At the same time, MICs achieved by the broth microdilution with refined forms of the main constituents of polymyxin B were found to be within a log2 dilution of the MICs achieved from the US Pharmacopoeia polymyxin B sulfate powder mixture21. These data implies that the composition of the powder possibly does not affect polymyxin susceptibility testing. Broth dilution is a method in which a predetermined concentration of the bacterial suspension is tested against different levels of the antimicrobial agent in a predetermined liquid medium. For testing polymyxin antimicrobial susceptibility, it is currently the only procedure approved by the Clinical and Laboratory Standards Institute (CLSI) and the European Committee on Antimicrobial Susceptibility Testing (EUCAST)5. The broth microdilution method is performed by a cation-adjusted MHB, twofold dilutions of polymyxin B (ranging from 0.12 to 512 μg/mL), and a final bacterial inoculum of 5 ~105 CFU/mL in each well, according to the CLSI guidelines. Broth microdilution is recognized as an optimal method and is presently recommended for susceptibility testing in the recent document proposed by the joint CLSI-EUCAST Polymyxin Breakpoints Working Group23,27. However, this approach is time-consuming, and antibiotic solutions can cause significant errors in manual preparation (if the technique used is unautomated). It is, therefore, unadaptable to most clinical microbiology laboratories. Non-reproductive and non-interpretable MIC findings for Enterobacter species, P. aeruginosa and A. baumannii, have also been reported owing to the presence of skip wells, i.e. those that do not show growth, but growth is observed in wells with higher antibiotic concentrations18,23,24. Moreover, some technical issues for testing have been reported using Broth microdilution method. Polymyxins readily adhere to the plastic trays, leading to decreased antibiotic concentrations actually being present in the MHB dispensed in the wells. The addition of a surfactant, such as polysorbate 80 (P-80), limits polymyxin adhesion to the BMD panels. It has also been demonstrated that it possesses a synergistic effect on polymyxins and has antibacterial activity of its own.Nonetheless, CLSI or EUCAST guidelines do not currently recommend using P-80 for polymyxin B susceptibility testing by BMD25.

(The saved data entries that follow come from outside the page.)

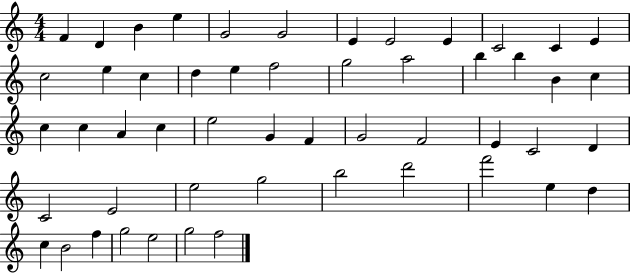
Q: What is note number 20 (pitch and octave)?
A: A5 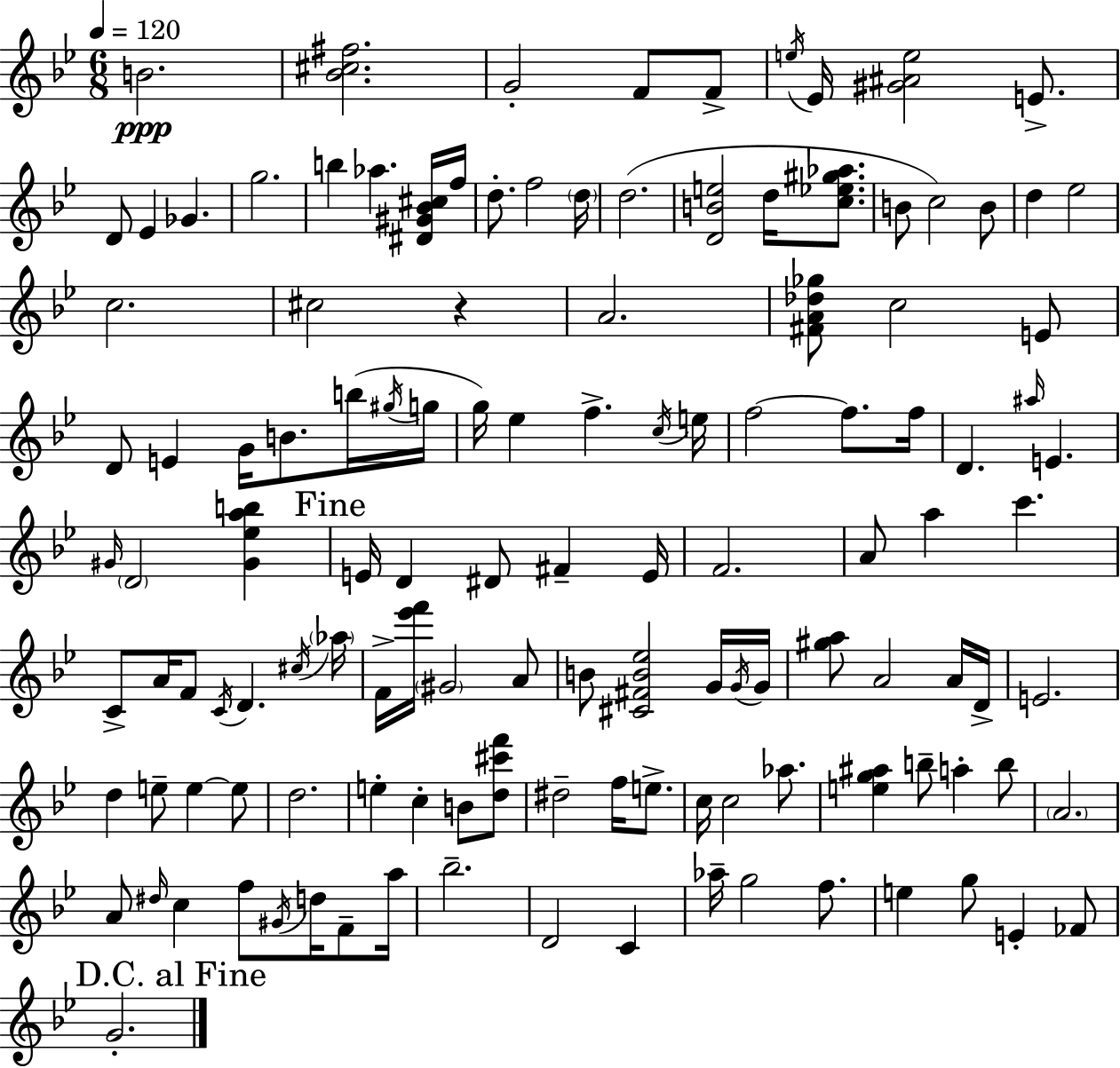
{
  \clef treble
  \numericTimeSignature
  \time 6/8
  \key bes \major
  \tempo 4 = 120
  b'2.\ppp | <bes' cis'' fis''>2. | g'2-. f'8 f'8-> | \acciaccatura { e''16 } ees'16 <gis' ais' e''>2 e'8.-> | \break d'8 ees'4 ges'4. | g''2. | b''4 aes''4. <dis' gis' bes' cis''>16 | f''16 d''8.-. f''2 | \break \parenthesize d''16 d''2.( | <d' b' e''>2 d''16 <c'' ees'' gis'' aes''>8. | b'8 c''2) b'8 | d''4 ees''2 | \break c''2. | cis''2 r4 | a'2. | <fis' a' des'' ges''>8 c''2 e'8 | \break d'8 e'4 g'16 b'8. b''16( | \acciaccatura { gis''16 } g''16 g''16) ees''4 f''4.-> | \acciaccatura { c''16 } e''16 f''2~~ f''8. | f''16 d'4. \grace { ais''16 } e'4. | \break \grace { gis'16 } \parenthesize d'2 | <gis' ees'' a'' b''>4 \mark "Fine" e'16 d'4 dis'8 | fis'4-- e'16 f'2. | a'8 a''4 c'''4. | \break c'8-> a'16 f'8 \acciaccatura { c'16 } d'4. | \acciaccatura { cis''16 } \parenthesize aes''16 f'16-> <ees''' f'''>16 \parenthesize gis'2 | a'8 b'8 <cis' fis' b' ees''>2 | g'16 \acciaccatura { g'16 } g'16 <gis'' a''>8 a'2 | \break a'16 d'16-> e'2. | d''4 | e''8-- e''4~~ e''8 d''2. | e''4-. | \break c''4-. b'8 <d'' cis''' f'''>8 dis''2-- | f''16 e''8.-> c''16 c''2 | aes''8. <e'' g'' ais''>4 | b''8-- a''4-. b''8 \parenthesize a'2. | \break a'8 \grace { dis''16 } c''4 | f''8 \acciaccatura { gis'16 } d''16 f'8-- a''16 bes''2.-- | d'2 | c'4 aes''16-- g''2 | \break f''8. e''4 | g''8 e'4-. fes'8 \mark "D.C. al Fine" g'2.-. | \bar "|."
} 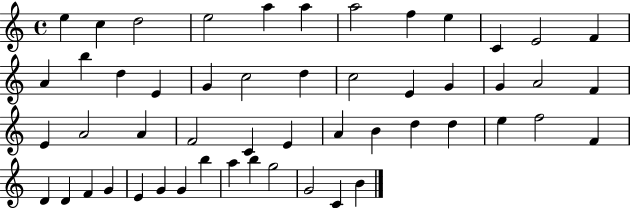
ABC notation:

X:1
T:Untitled
M:4/4
L:1/4
K:C
e c d2 e2 a a a2 f e C E2 F A b d E G c2 d c2 E G G A2 F E A2 A F2 C E A B d d e f2 F D D F G E G G b a b g2 G2 C B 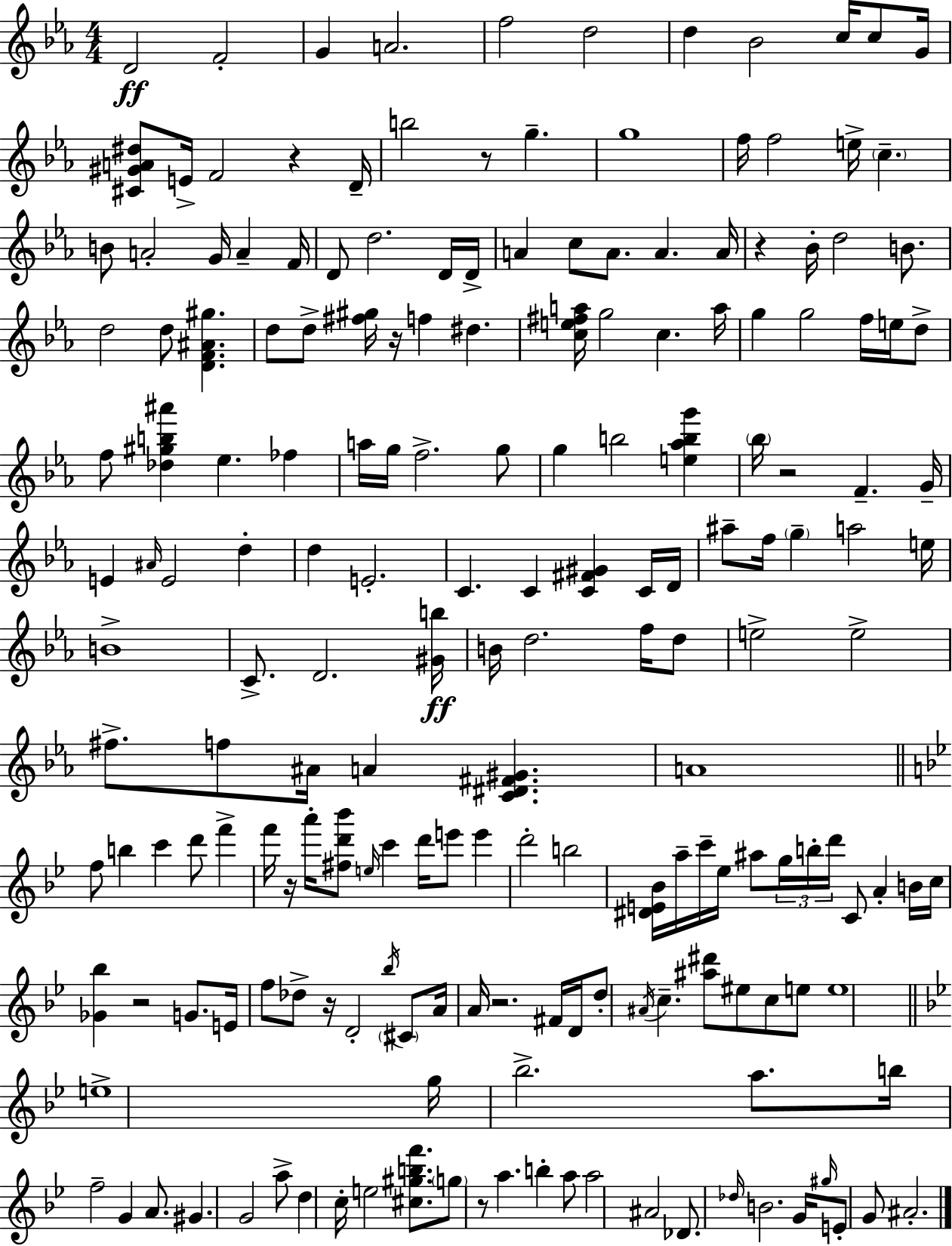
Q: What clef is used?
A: treble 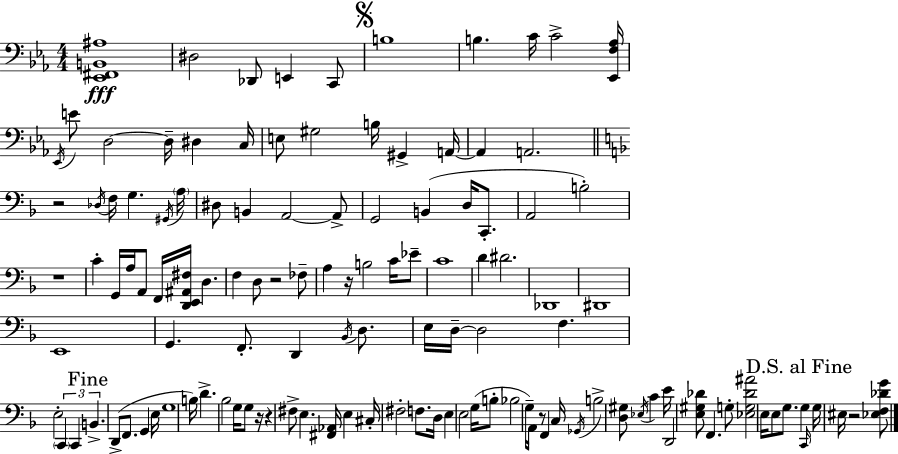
[Eb2,F#2,B2,A#3]/w D#3/h Db2/e E2/q C2/e B3/w B3/q. C4/s C4/h [Eb2,F3,Ab3]/s Eb2/s E4/e D3/h D3/s D#3/q C3/s E3/e G#3/h B3/s G#2/q A2/s A2/q A2/h. R/h Db3/s F3/s G3/q. G#2/s A3/s D#3/e B2/q A2/h A2/e G2/h B2/q D3/s C2/e. A2/h B3/h R/w C4/q G2/s A3/s A2/e F2/s [D2,E2,A#2,F#3]/s D3/q. F3/q D3/e R/h FES3/e A3/q R/s B3/h C4/s Eb4/e C4/w D4/q D#4/h. Db2/w D#2/w E2/w G2/q. F2/e. D2/q Bb2/s D3/e. E3/s D3/s D3/h F3/q. E3/h C2/q C2/q B2/q. D2/e F2/e. G2/q E3/s G3/w B3/s D4/q. Bb3/h G3/s G3/e R/s R/q F#3/e E3/q. [F#2,Ab2]/s E3/q C#3/s F#3/h F3/e. D3/s E3/q E3/h G3/s B3/e Bb3/h G3/s A2/s R/e F2/q C3/s Gb2/s B3/h [D3,G#3]/e Eb3/s C4/q E4/s D2/h [E3,G#3,Db4]/e F2/q. G3/e [Eb3,G3,Db4,A#4]/h E3/s E3/e G3/e. G3/q C2/s G3/s EIS3/s R/h [Eb3,F3,Db4,G4]/e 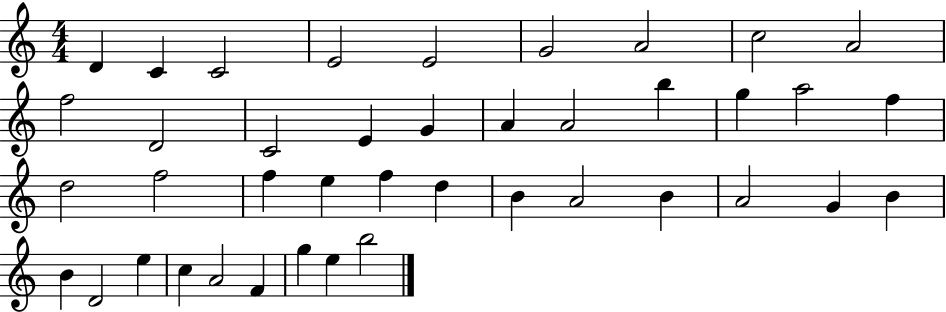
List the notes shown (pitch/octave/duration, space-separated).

D4/q C4/q C4/h E4/h E4/h G4/h A4/h C5/h A4/h F5/h D4/h C4/h E4/q G4/q A4/q A4/h B5/q G5/q A5/h F5/q D5/h F5/h F5/q E5/q F5/q D5/q B4/q A4/h B4/q A4/h G4/q B4/q B4/q D4/h E5/q C5/q A4/h F4/q G5/q E5/q B5/h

Antibiotic activities should be tested in vitro and in vivo to confirm their suitability for clinical application. Pharmaceutical equivalence or MIC value systems of any generic product is/are invalid requirements for equal treatment. In view the fact that MIC breakpoints for Gram-negative and Gram-positive bacteria in polymyxin B products (Myxacort, Poly-Mxb, and Otosporin) have not yet been acquired, it remains unclear whether the in vitro efficacy of antibacterial drugs predicts the clinical outcome. To achieve this goal, all the generic polymyxin B products are required to be checked in vivo. It would be better to perform further tests for in vivo use of Myxacort and Poly-Mxb, an activity against different species, stability, etc.
Considering the similarity of the national generic polymyxin B product (Myxacort) and the external products (Poly-MXb and otosporin), it is rationale to conclude that these products have the same microbiological actions, as evaluated by DD and MIC tests. We suggest the preparation of antibiotic powder disks in developing countries that can be used in the absence of standard disks in microbiological activity. These findings need to be further investigated and confirmed in vivo.